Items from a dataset
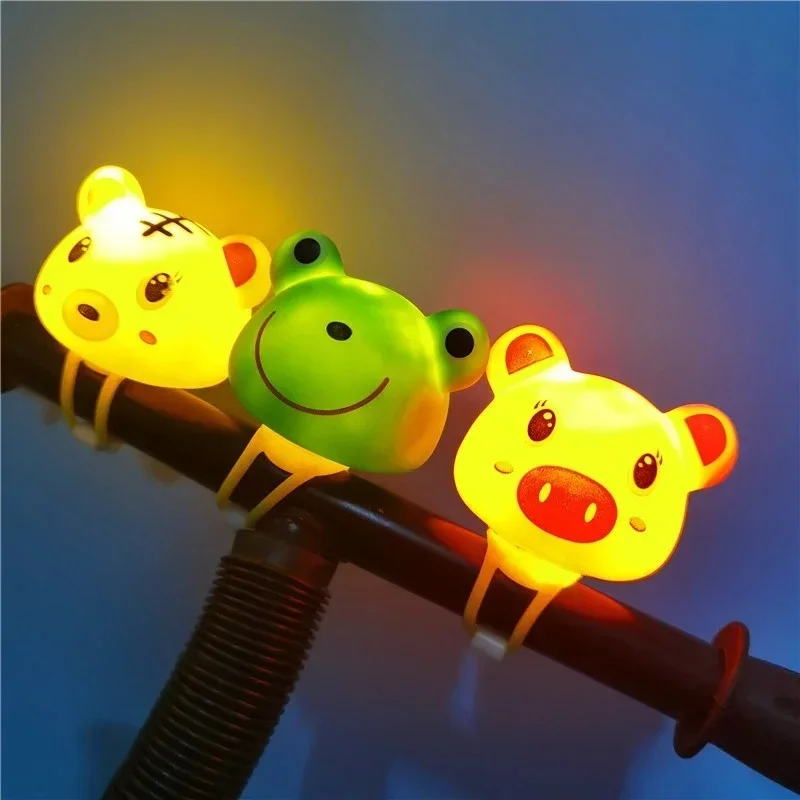 Cute Bicycle Bell Animal Small Hamster Safety Rubber Kids Adult Tricycle Scooter Handlebar Air Horn Ring Bike Cycling Accessorie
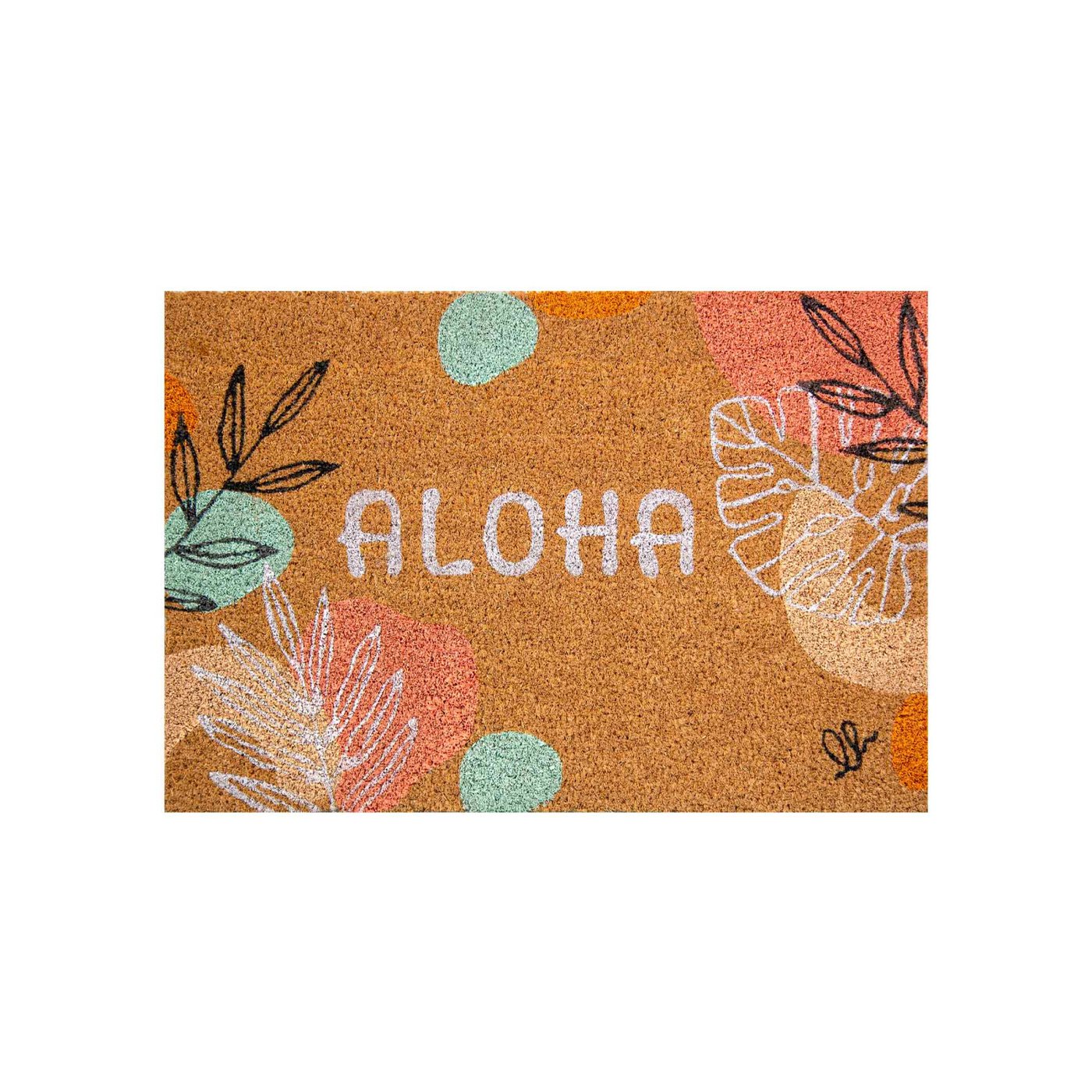 Doormat Olivo Cocco Joy - Aloha, coconut, 40 х 60 cm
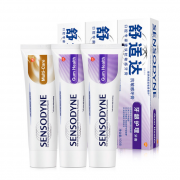 12日10点、88VIP：SENSODYNE 舒适达 抗敏感牙膏套装 100g*3支装 *2件 66.4元包邮（双重优惠，前5分钟）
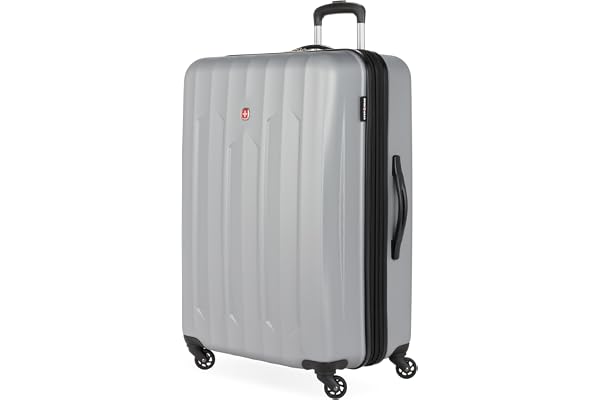 SWISSGEAR Chrome Hardside Expandable Spinner Luggage, Durable Lightweight Suitcase with 360 Spinner Wheels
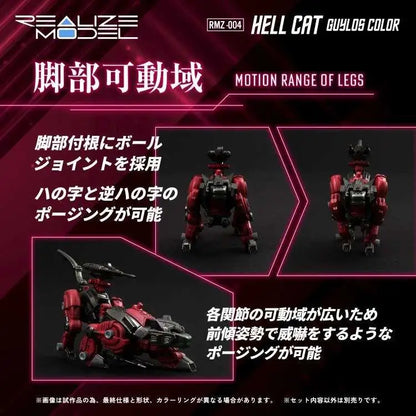 ZOIDS REALIZE MODEL RMZ-004 HELCAT GUYLOS COLOR MODEL KIT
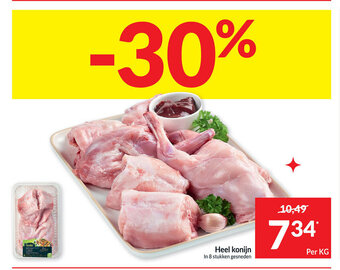 Intermarché Heel konijn per kg aanbieding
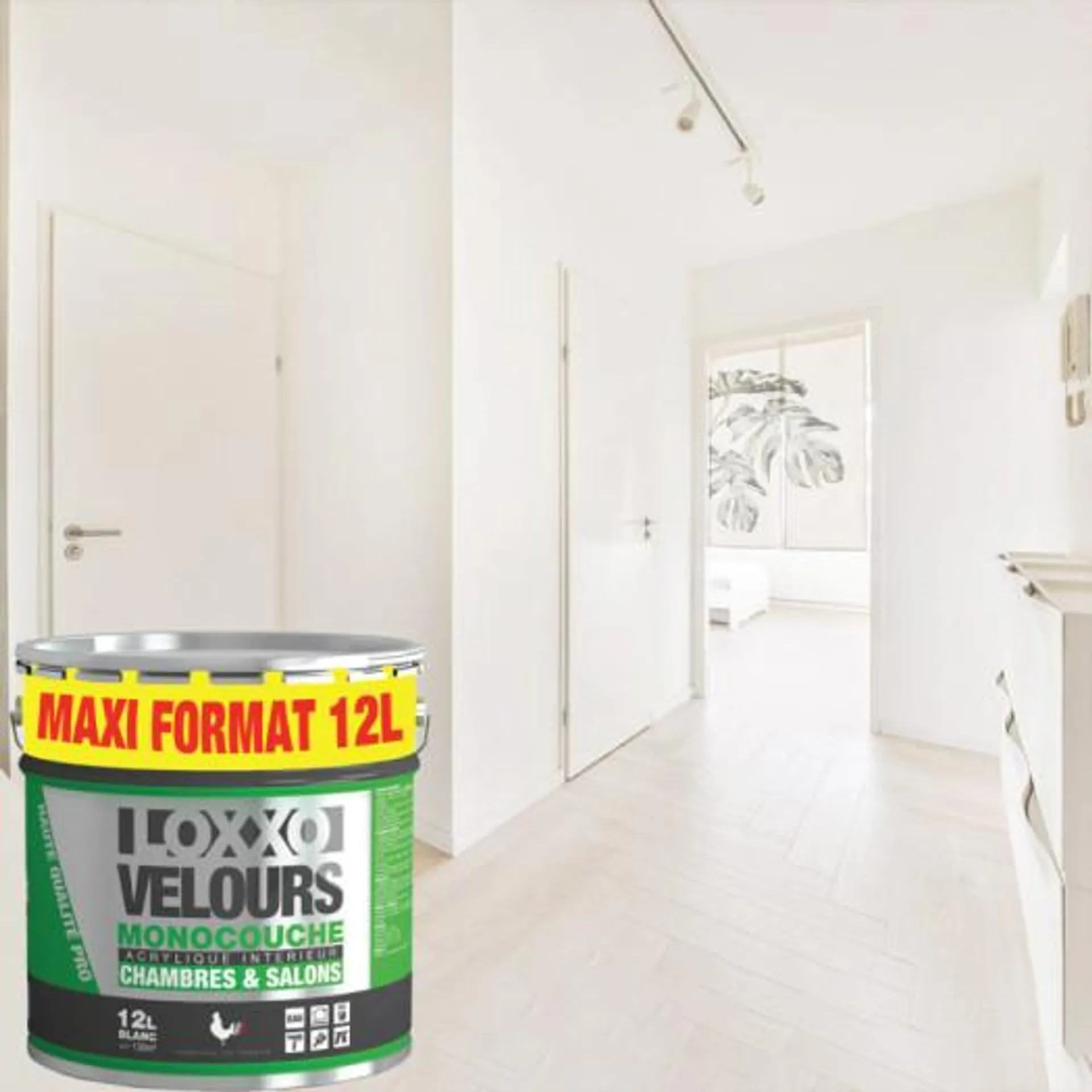 Peinture Loxxo blanc satin velours monocouche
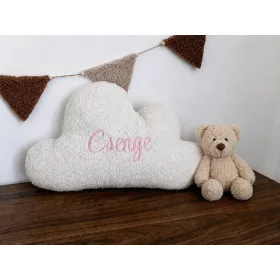 Személyre szabható Teddy felhő díszpárna 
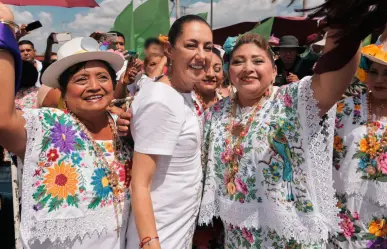 Claudia Sheinbaum en Mérida, la candidata presidencial llegará el 18 de abril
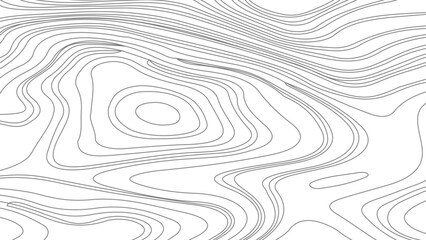 abstract wavy background. topographic contour background. Grey topographic lines. Texture of lines.pattern shape in organic wood on white and transparent background,
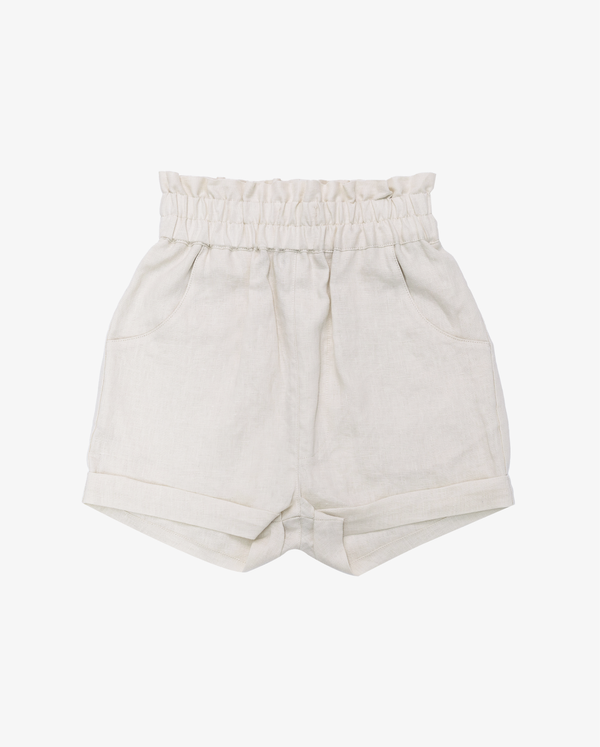 THE GIRL CLUB | Cream Linen Shorts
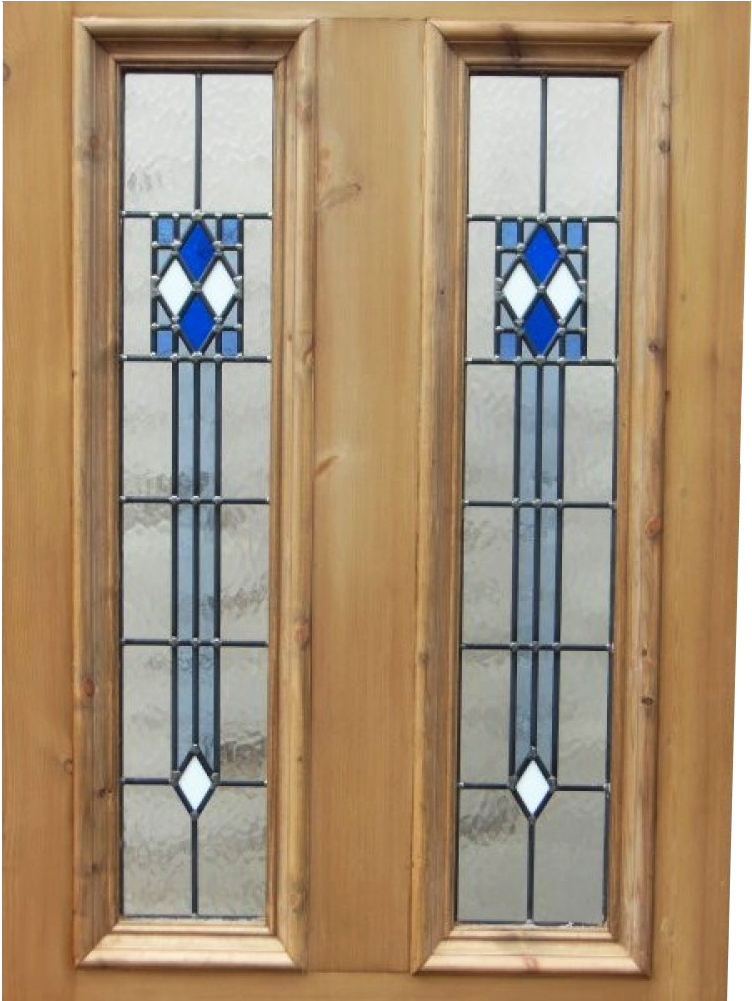 Art Deco 4 Panel Stained Glass Door Period Home Style - Door (1000x1000), Png Download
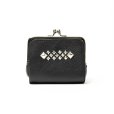 画像1: CALEE/STUDS LEATHER INTERNAL FLEX FRAME TYPE MULTI WALLET（BLACK）［マルチウォレット-24秋冬］ (1)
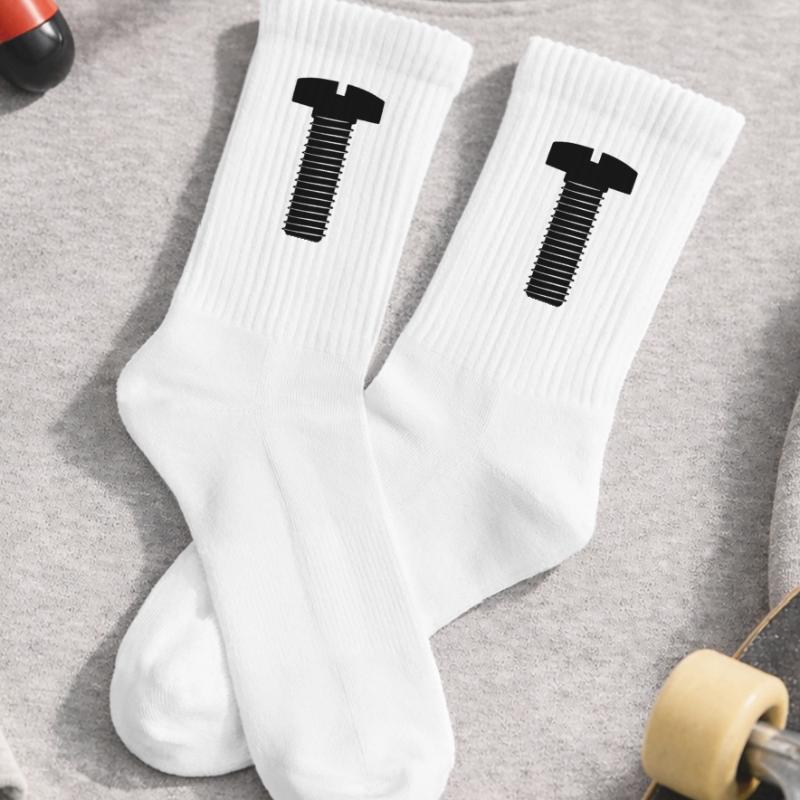 Screw bolt round head Kids Tennis Socks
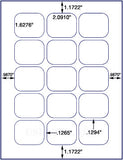 1,000 Uncoated White Matte Inkjet or Laser sheets with Permanent adhesive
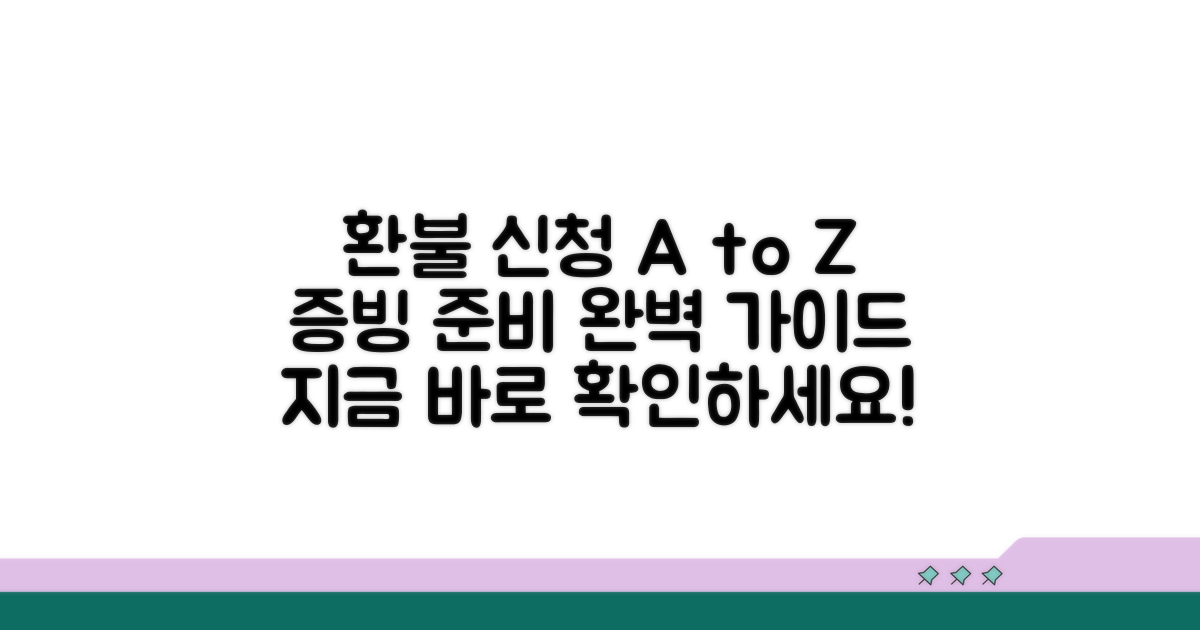 증빙 자료 준비와 환불 신청 방법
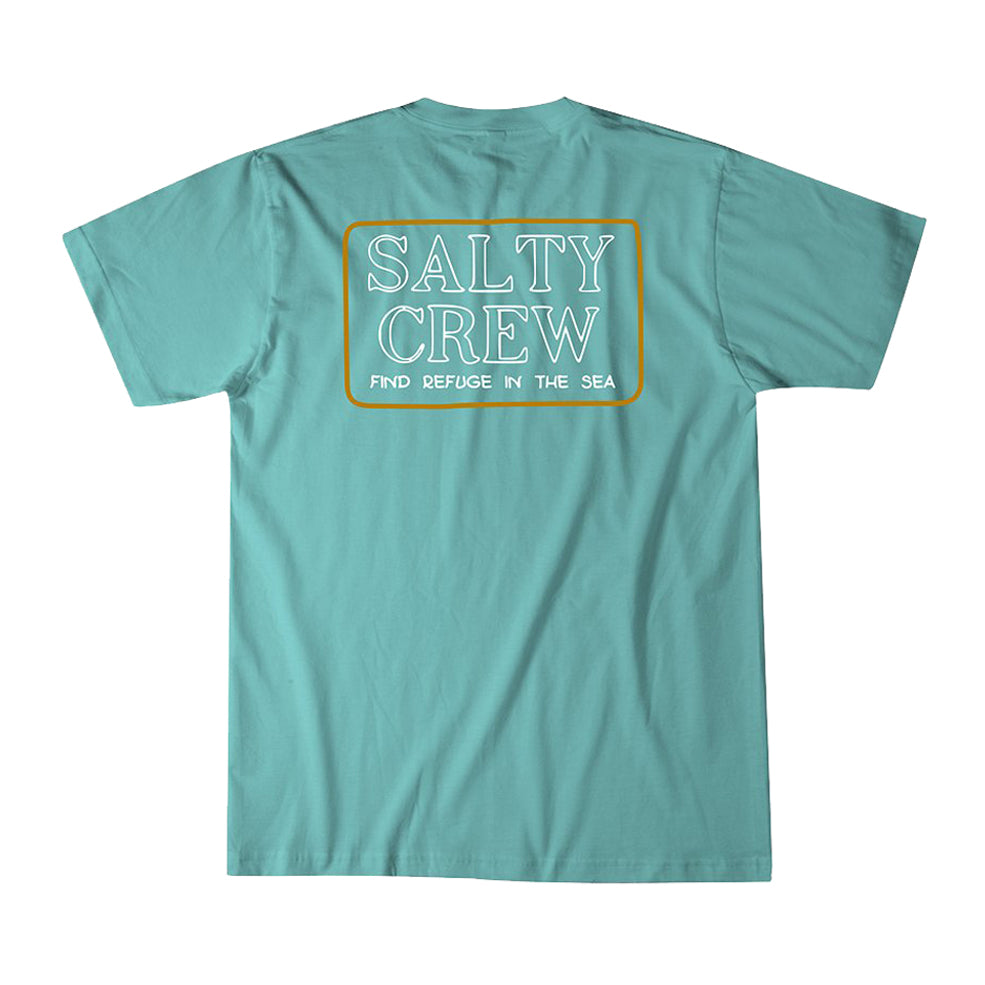 Salty Crew Stacked SS Tee SeaFoam S
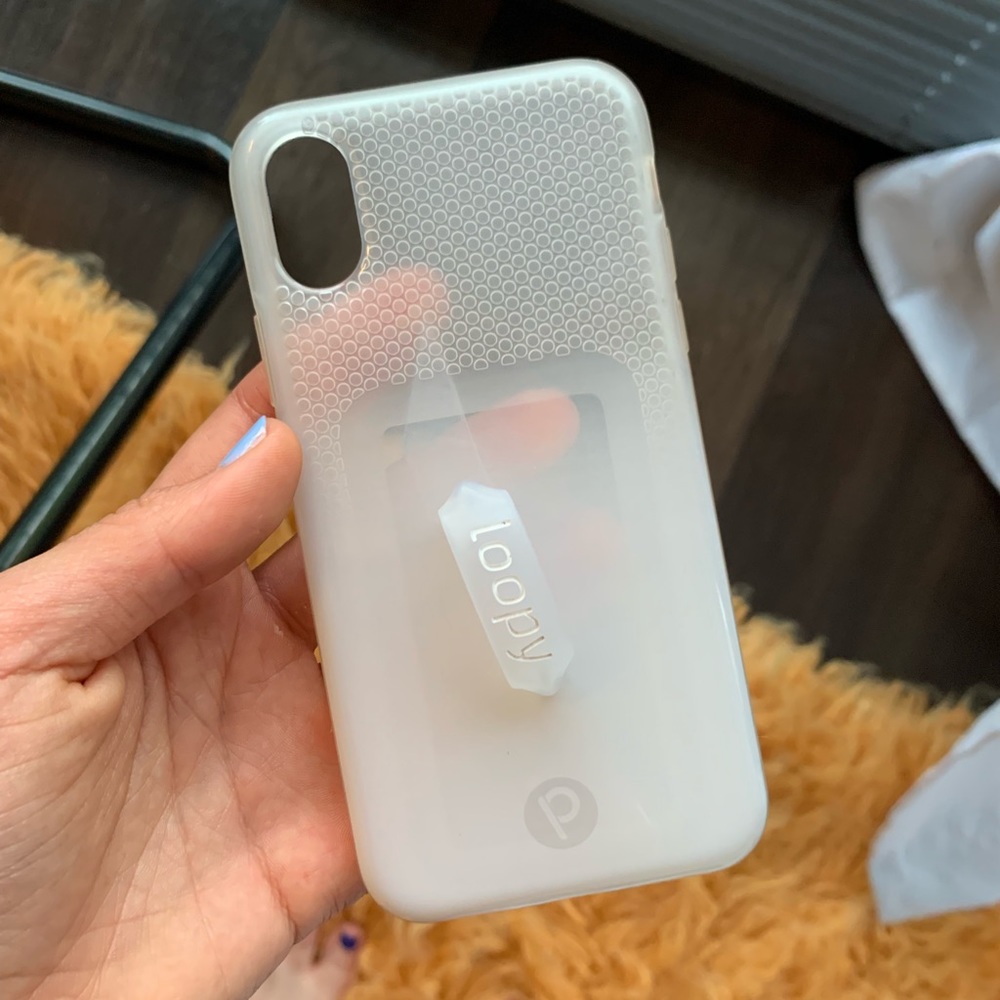 iPhone X/XS Loopy White/Clear Ombré Case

- [TASK STATEMENT]: The expected output is the exact run of lines from the one containing "THE GIRL CLUB | Cream Linen Shorts" through the final line of the data above, both ends included, with no pictures.

- [REPLY]:
 THE GIRL CLUB | Cream Linen Shorts
 Art Deco 4 Panel Stained Glass Door Period Home Style - Door (1000x1000), Png Download
 画像1: CALEE/STUDS LEATHER INTERNAL FLEX FRAME TYPE MULTI WALLET（BLACK）［マルチウォレット-24秋冬］ (1)
 Screw bolt round head Kids Tennis Socks
 1,000 Uncoated White Matte Inkjet or Laser sheets with Permanent adhesive
 증빙 자료 준비와 환불 신청 방법
 Salty Crew Stacked SS Tee SeaFoam S
 iPhone X/XS Loopy White/Clear Ombré Case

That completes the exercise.